HELLO & Welcome to Garden Daddy here at the urban farm. I would like to share the photos that were in the local paper, The Jackson Sun, from our Master Gardener graduation last Thursday evening, Feb. 03, 2011. My graduation group is in the lower picture with me in the back-left in the cream colored sweater (I look and felt like a stuffed baked potato!) and in the top picture is my group of volunteer who logged in at least 100 or more hours this past year to commemorate the University of Tennessee and the activities of the UT Ag Extension Service being in existence and active. I was named as "leading the pack", having logged in about 158 hours of volunteer service this past year. To those of you who are dedicated followers of this Garden Daddy know where that time was spent...that work of love and effort...the Jackson Community Garden Site #4! I am sure time will be well spent there again this season, starting I hope during the end of this month of February 2011.

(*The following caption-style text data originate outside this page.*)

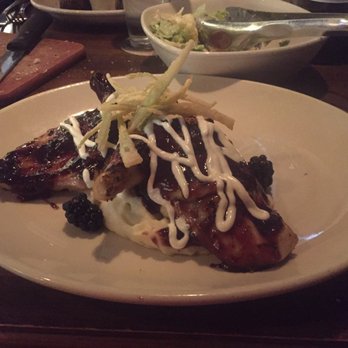 Malone's Lansdowne - Steakhouses Near Me - Lexington, Kentucky Malone's Lansdowne - Steakhouses Near Me - Lexington, Kentucky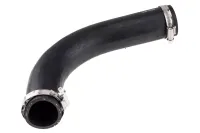 PRZEWÓD POWIETRZA LEWA VOLVO C70 II 2008 2009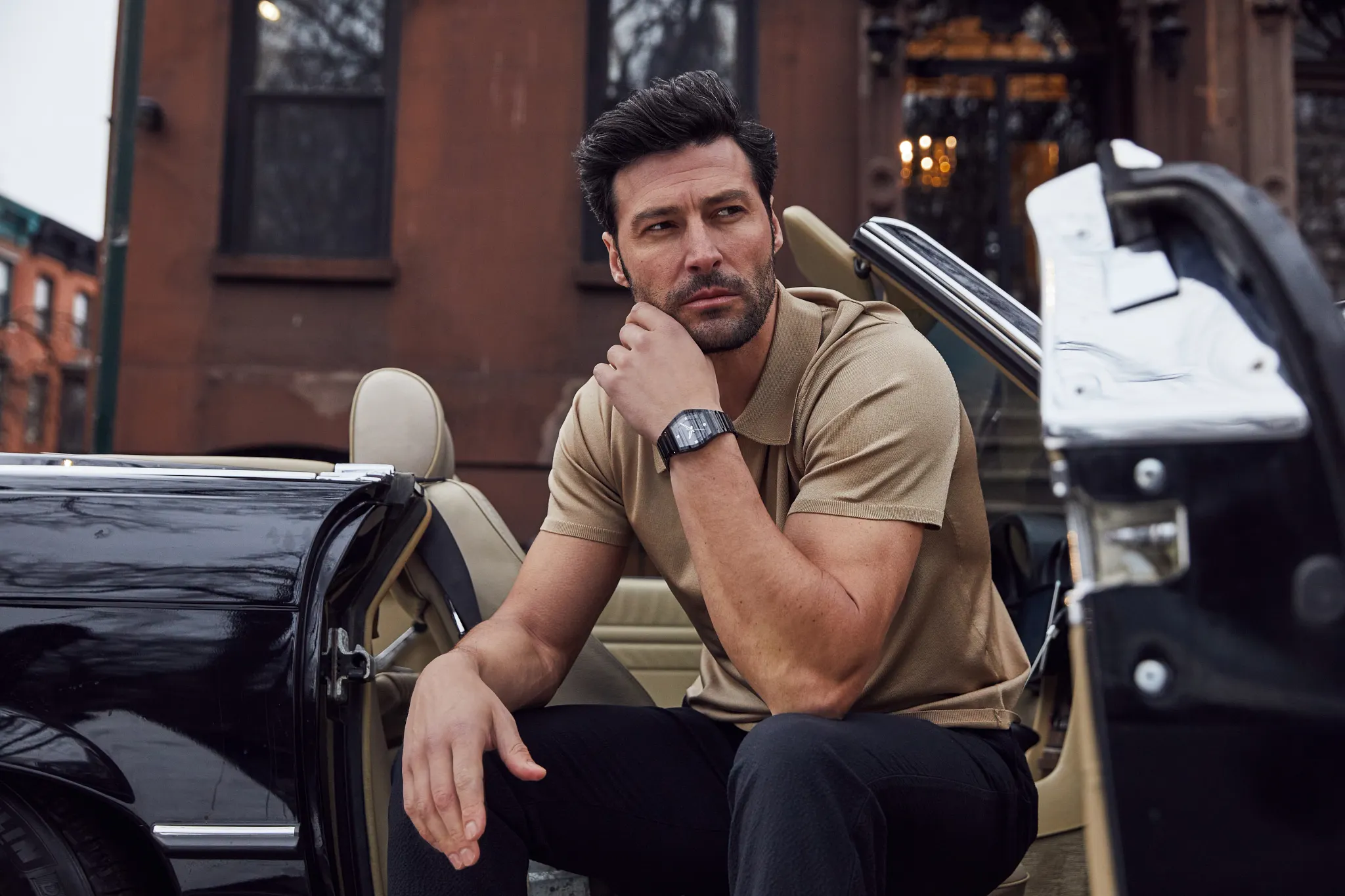 An image of the product undefined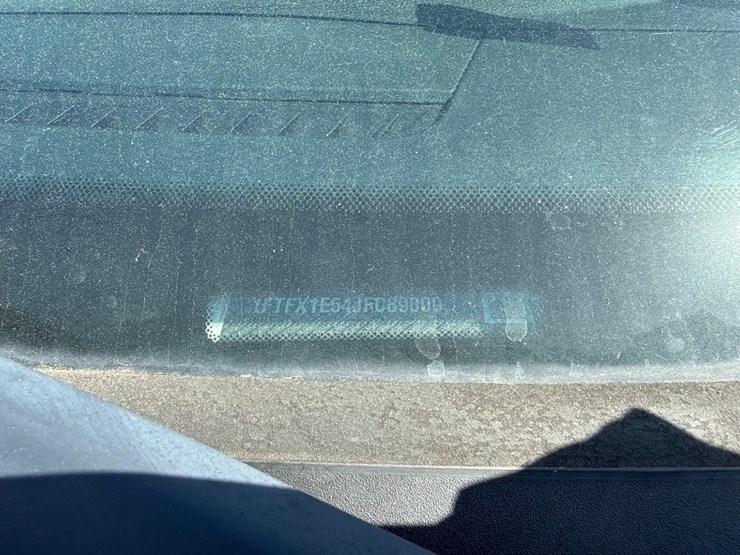 2018-ford-f150-xl-image-20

I would like to share with you the events of today and that we got somewhere over 3 or 4 inches of heavy, wet snow today. I went to my job this morning early as usual on Monday with rain starting around 4:00am. By 9:00am when I left for the day, it was in a driving, blinding snow storm with heavy winds driving the snow so hard I almost could not see the road in front of me. I hope this weather sees some break in the next week or so and I can get back outside very soon. I am chomping at the bit to get out and do something. I have been in all I can stand. Of course I am out every day with the chickens, which remain constant in their 7 to 12 eggs a day from the remaining 16-hens. I will call them hens now even though they are not OFFICIALLY hens till they are a full 1-year old. I am making some plans, if they finish their molt in time for our first poultry club swap and meet to look decent to sell all the Black Austraulorps, the Buff Orph, the Silver Laced Wyandottes and maybe another or two in the plan to exchange for some new chicks of the Welsummer breed and maybe another Ameraucana or two. The black birds have been good layers this winter but I am looking for the darkest egg layers I can get as well as the tinted green layers which have been VERY GOOD and CONSISTENT egg providers.
I leave you then today with our ongoing gardening affirmation in mind: "URBAN FARMING: ONE EGG AT A TIME!"